◆ **What the task asks**
Copy out the data word for word. The images are not part of the copy.

◆ **Data excerpt**
• • • •
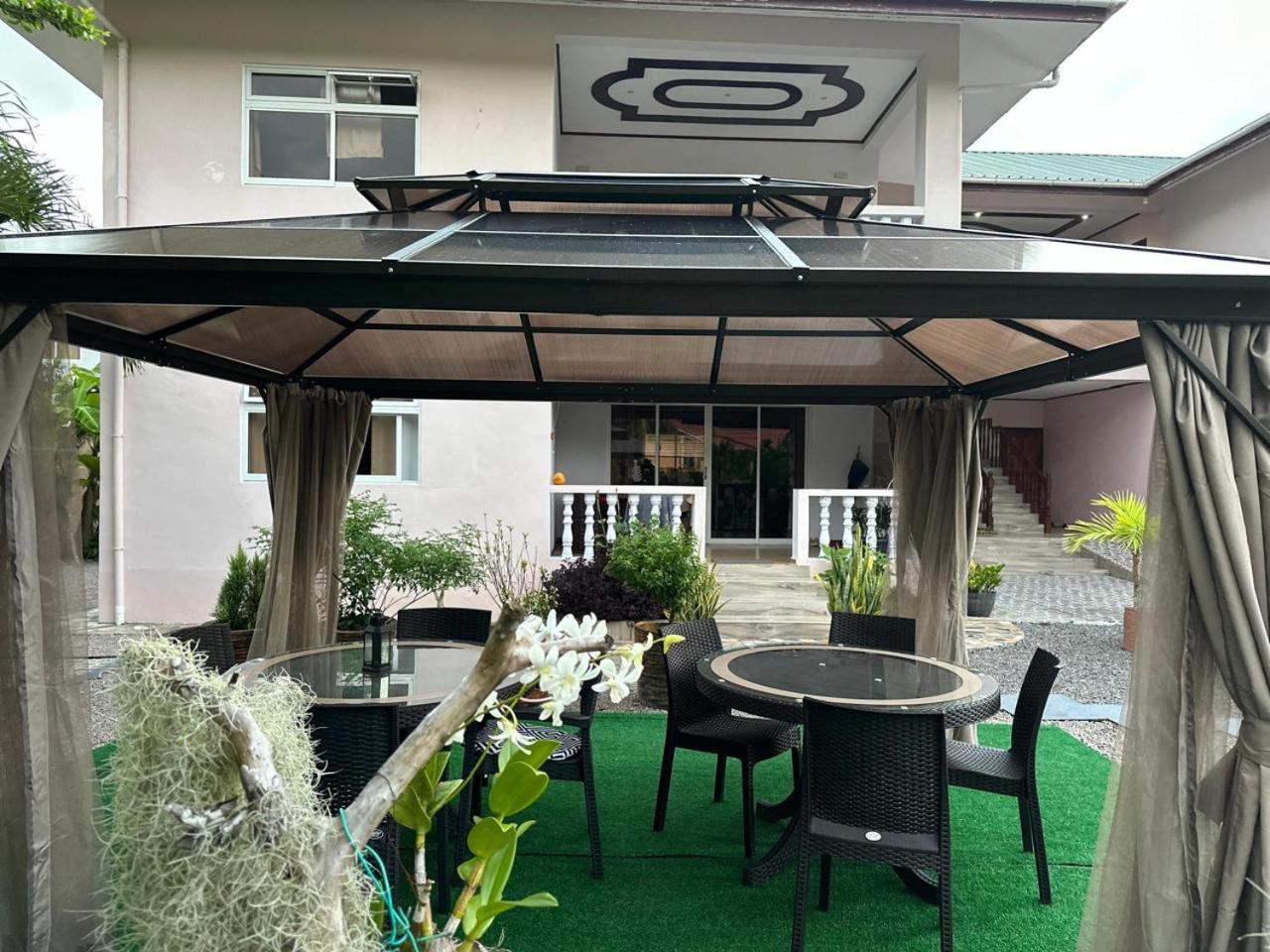 Mokara Holiday Apartment Anse Royale Exterior foto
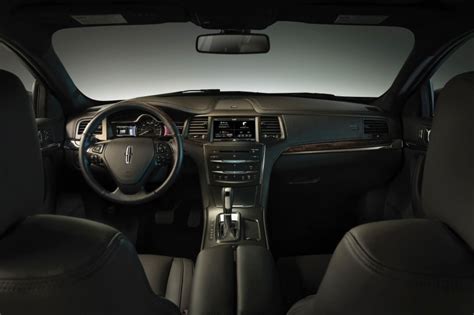 2016 Lincoln MKS Interior Pictures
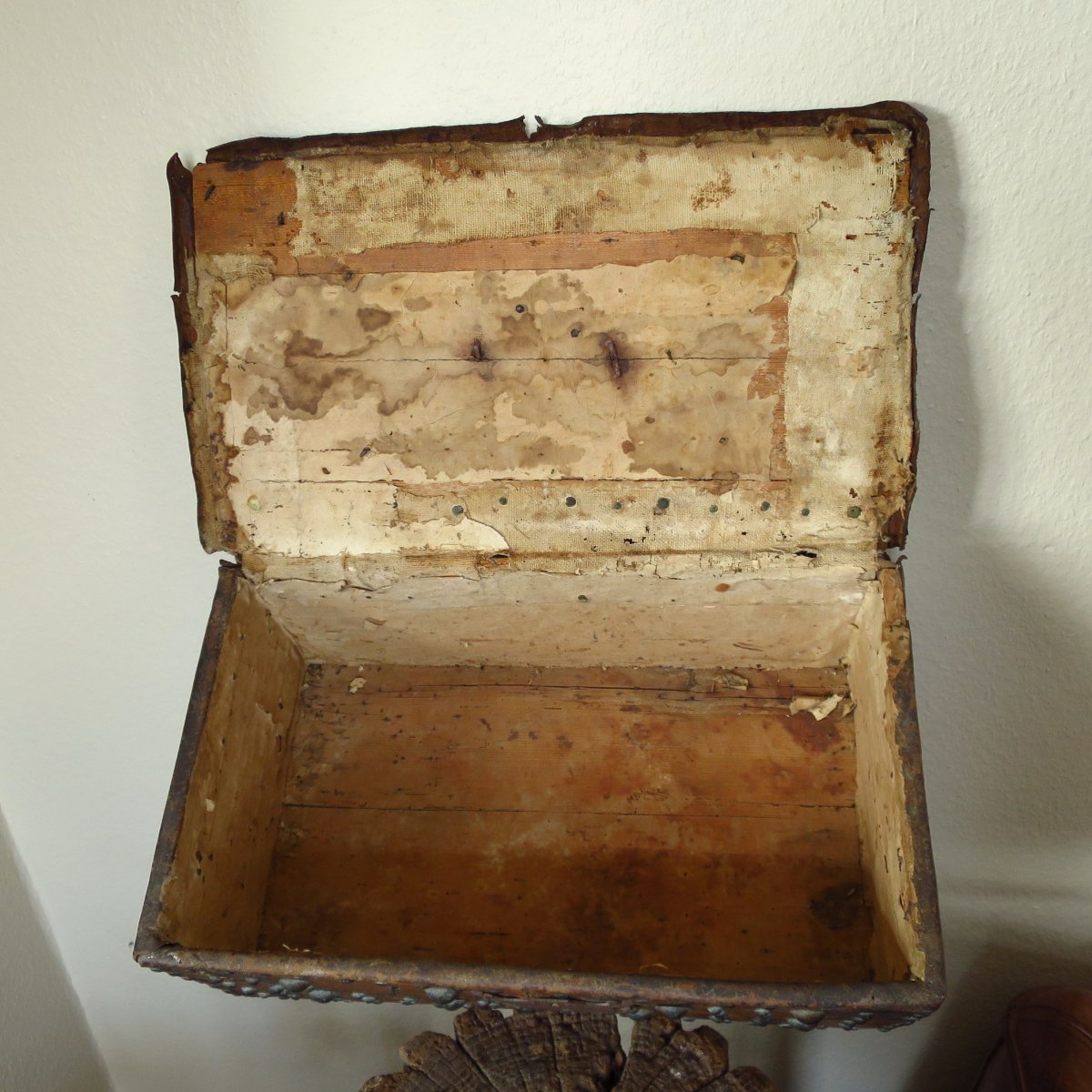 Coffre Renaissance en bois et cuir clouté-photo-4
• • • •
◆ **Reply to the task**
 Mokara Holiday Apartment Anse Royale Exterior foto
 2016 Lincoln MKS Interior Pictures
 Coffre Renaissance en bois et cuir clouté-photo-4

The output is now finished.